Provided entries:

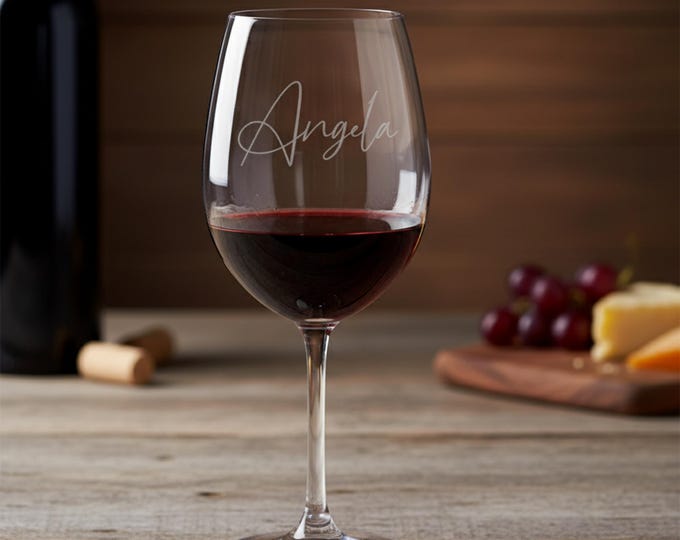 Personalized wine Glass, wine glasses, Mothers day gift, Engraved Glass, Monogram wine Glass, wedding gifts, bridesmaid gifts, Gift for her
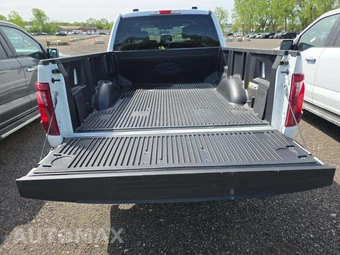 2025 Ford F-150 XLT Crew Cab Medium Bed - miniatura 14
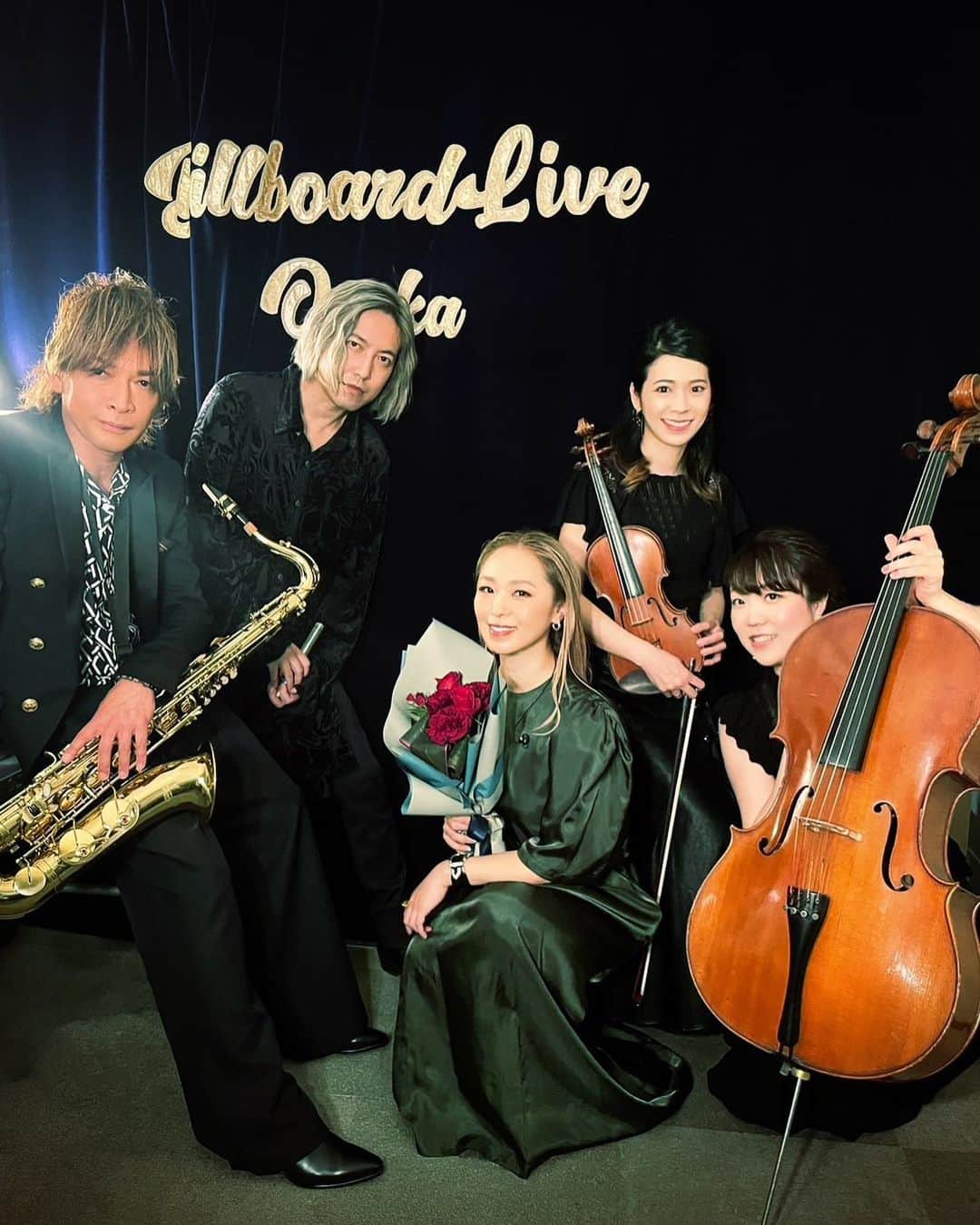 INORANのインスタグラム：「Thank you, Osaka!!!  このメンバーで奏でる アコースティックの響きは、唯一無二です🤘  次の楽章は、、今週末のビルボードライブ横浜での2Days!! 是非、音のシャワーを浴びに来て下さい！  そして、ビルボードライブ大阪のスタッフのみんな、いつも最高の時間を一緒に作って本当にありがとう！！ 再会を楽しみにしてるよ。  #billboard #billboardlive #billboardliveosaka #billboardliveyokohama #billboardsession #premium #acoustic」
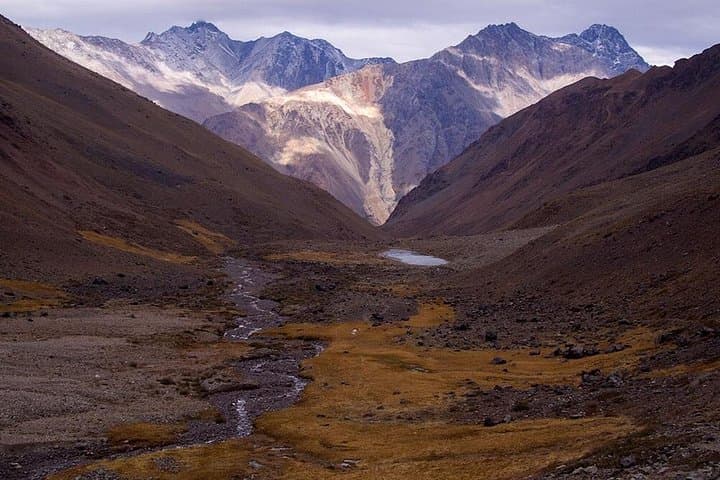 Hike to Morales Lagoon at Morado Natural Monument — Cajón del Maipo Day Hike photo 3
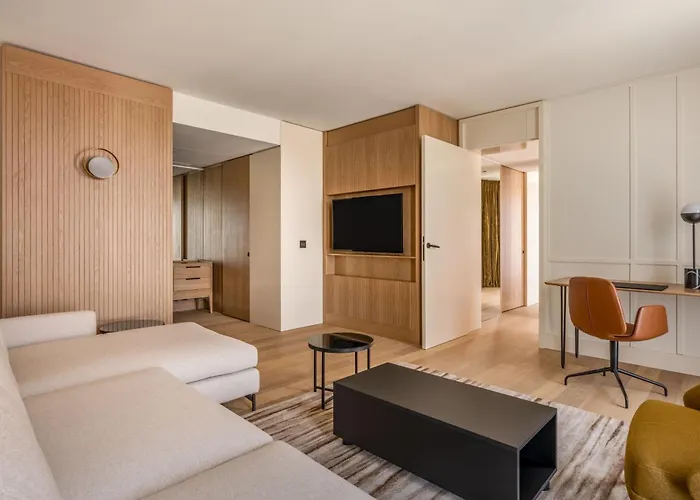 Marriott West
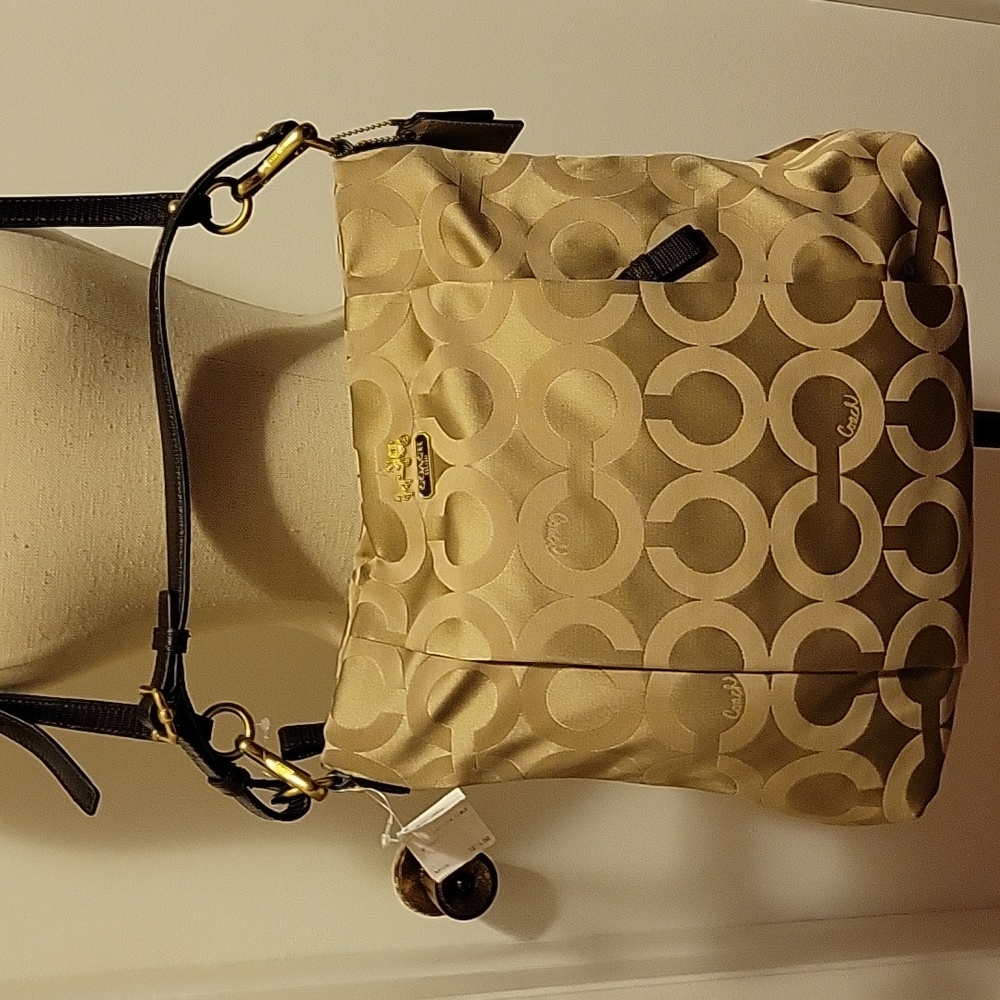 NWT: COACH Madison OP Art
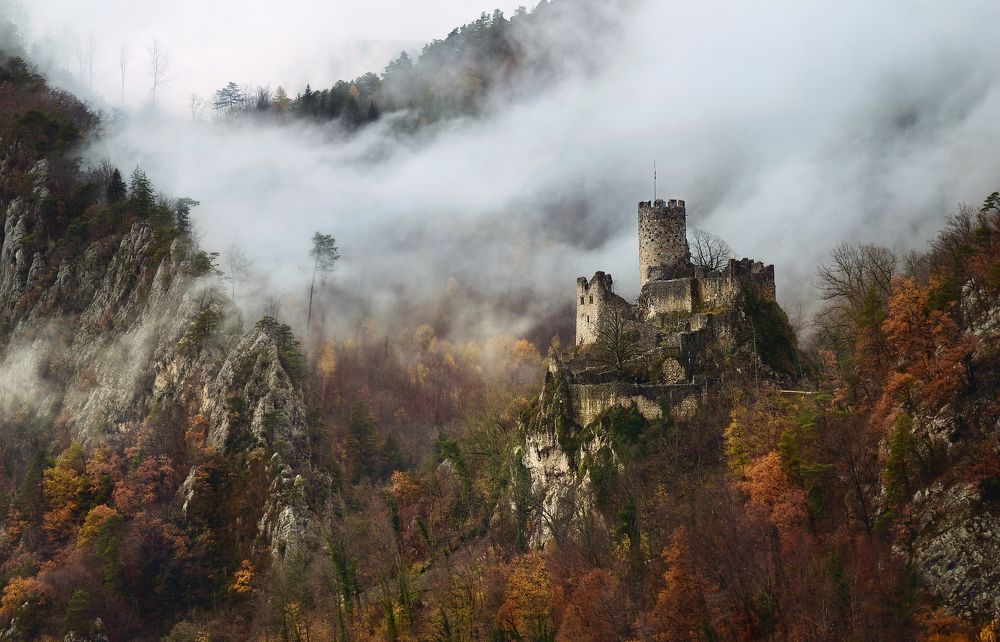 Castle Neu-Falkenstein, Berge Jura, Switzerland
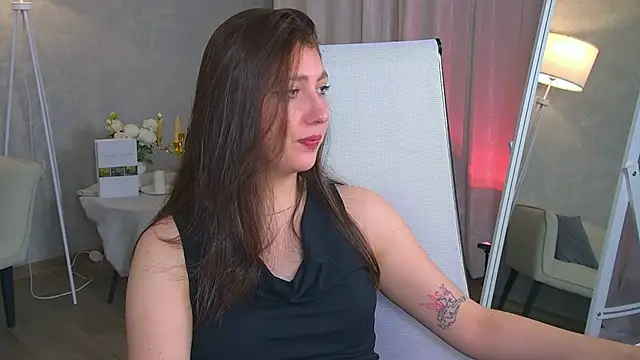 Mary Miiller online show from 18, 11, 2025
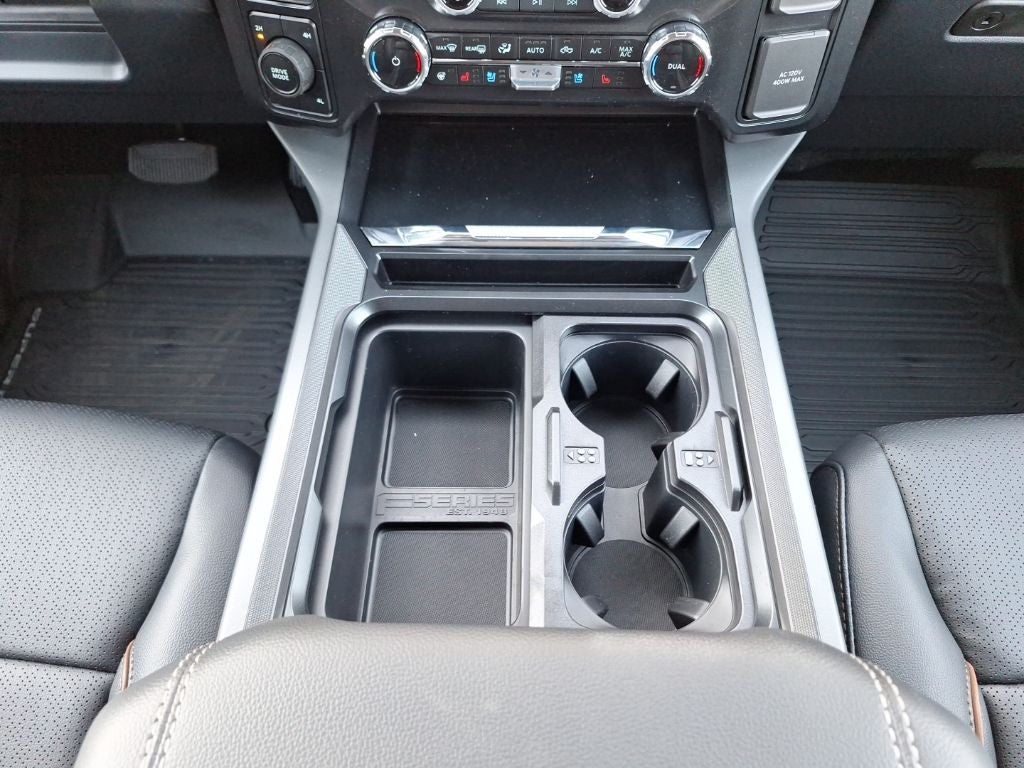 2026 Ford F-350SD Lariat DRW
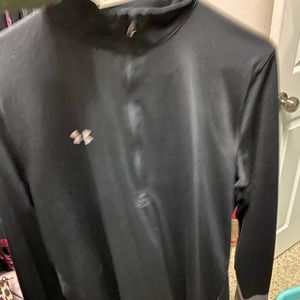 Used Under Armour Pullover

Problem requirements:
Working from the line with "INORANのインスタグラム：「Thank you, Osaka!!!" to the last line of the material above, repeat each line exactly and leave out the pictures.

Task output:
 INORANのインスタグラム：「Thank you, Osaka!!!  このメンバーで奏でる アコースティックの響きは、唯一無二です🤘  次の楽章は、、今週末のビルボードライブ横浜での2Days!! 是非、音のシャワーを浴びに来て下さい！  そして、ビルボードライブ大阪のスタッフのみんな、いつも最高の時間を一緒に作って本当にありがとう！！ 再会を楽しみにしてるよ。  #billboard #billboardlive #billboardliveosaka #billboardliveyokohama #billboardsession #premium #acoustic」
 Hike to Morales Lagoon at Morado Natural Monument — Cajón del Maipo Day Hike photo 3
 Marriott West
 NWT: COACH Madison OP Art
 Castle Neu-Falkenstein, Berge Jura, Switzerland
 Mary Miiller online show from 18, 11, 2025
 2026 Ford F-350SD Lariat DRW
 Used Under Armour Pullover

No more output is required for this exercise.